● **THE PROBLEM**: Would you transcribe only the lines from the one holding "Hoover Jive Lithium" through the end of the material, exactly, without any pictures?

● **RAW DATA**:
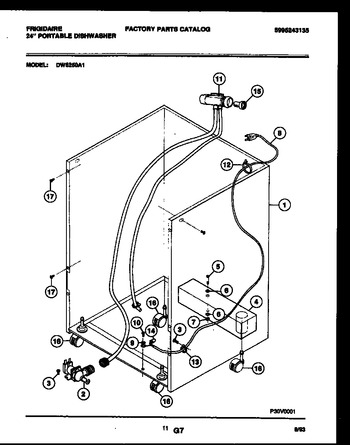 Diagram for DW6250A1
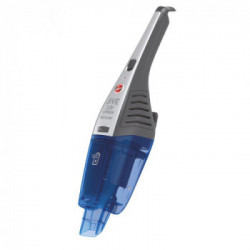 Hoover Jive Lithium HJ72WDLB 011 Blu, Trasparente Senza sacchetto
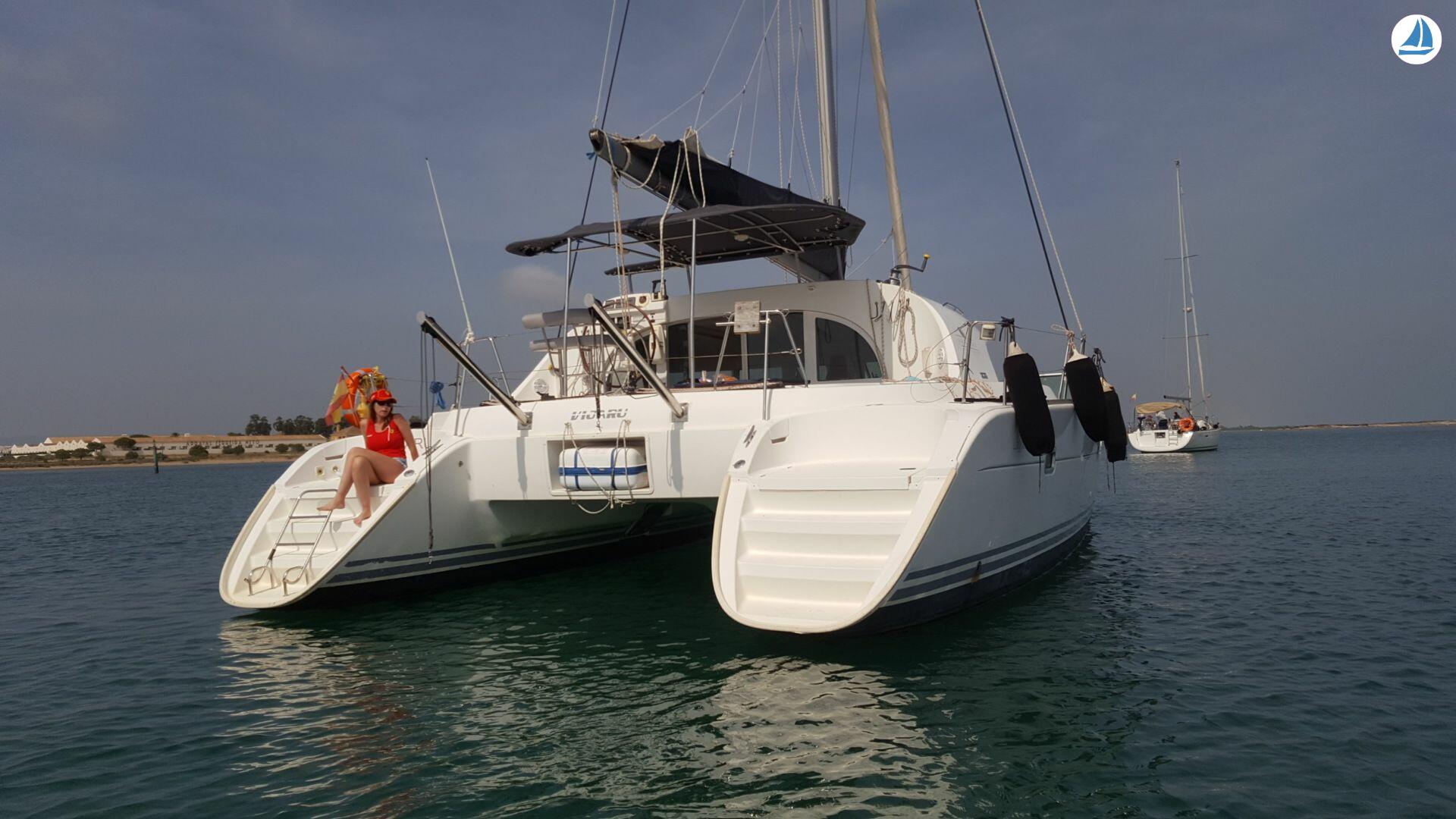 фото Lagoon 380 S2 10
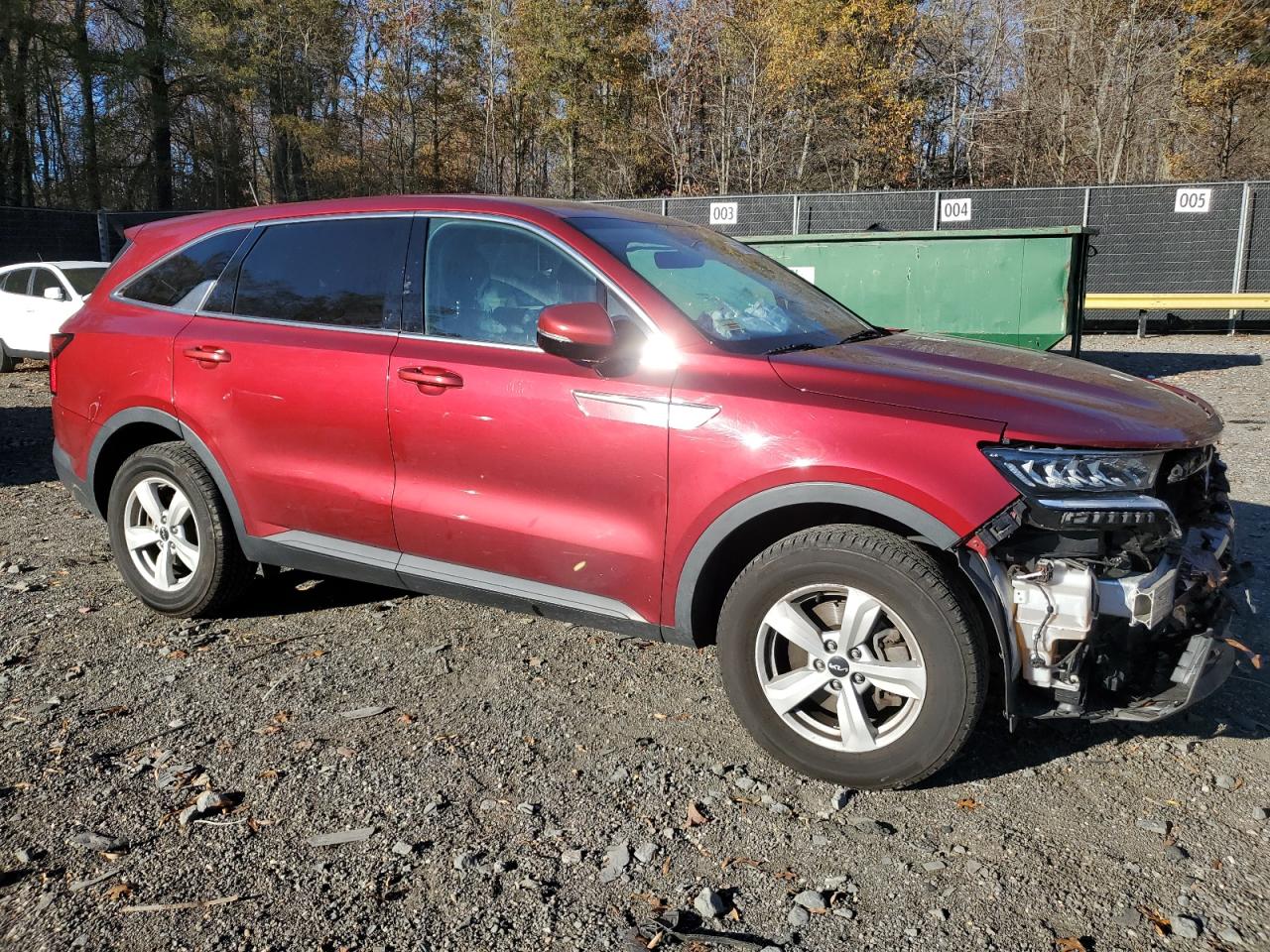 Kia Sorento Lx Image 13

● **RESULT**:
 Hoover Jive Lithium HJ72WDLB 011 Blu, Trasparente Senza sacchetto
 фото Lagoon 380 S2 10
 Kia Sorento Lx Image 13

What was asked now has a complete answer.